Figure 2 shows a block diagram of the baseline system: a 16 tiled CMP where all nodes and the memory controller are connected by a single photonic ring. Each tile consists of an out-of-order core with L1 and L2 private caches and the network interface to access the ring.

The photonic ring is composed of 2 waveguides. One of the waveguides is devoted to messages sent from the cores to the memory controller while the other waveguide is used for transmissions in the opposite direction. We use the MWSR communication scheme when sending requests to the memory controller, which implies that two nodes cannot perform a request to the memory controller at the same time.
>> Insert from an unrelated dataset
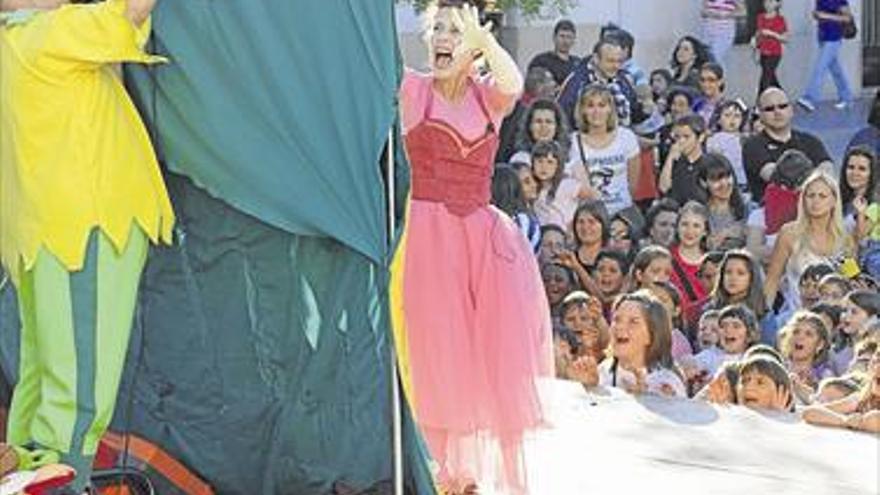 LOS PEQUEÑOS SE DIVIERTEN CON EL TEATRO INFANTIL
Therefore,

| Processing Core      |                                                   |
|----------------------|---------------------------------------------------|
| Number of cores      | 16                                                |
| Frecuency            | 3GHz                                              |
| Issuing policy       | Out of order                                      |
| Branch predictor     | bimodal/gshare hybrid: gshare with 14-bits        |
|                      | global history + 16K 2-bit counters, bimodal with |
|                      | 4K 2-bit counters, and selection with 4K 2-bit    |
|                      | counters                                          |
| Issue/Commit width   | 4 instructions/cycle                              |
| ROB size             | 256 entries                                       |
| Memory hierarchy     |                                                   |
| L1 Instruccion cache | Private, 32KB, 8 ways, 64Bytes-line, 2 cycles     |
| L1 Data cache        | Private, 32KB, 8 ways, 64Bytes-line, 2 cycles     |
| L2                   | Private, 256KB, 16 ways, 64Bytes-line, 11 cycles  |
| Photonic Ring        |                                                   |
| Topology             | Ring                                              |
| Waveguides           | 2                                                 |
| Wavelengths          | 64 wavelengths per waveguide                      |
| Frequency            | 10 GHz                                            |
| Modulator lat        | 1 cycle                                           |
| Photodetector lat    | 100 ps                                            |
| Arbitration          | Token channel                                     |
| Phit size            | 64 bits                                           |
| Roundtrip lat        | 14 cycles on idle                                 |

TABLE I CONFIGURATION OF THE SIMULATED SYSTEM.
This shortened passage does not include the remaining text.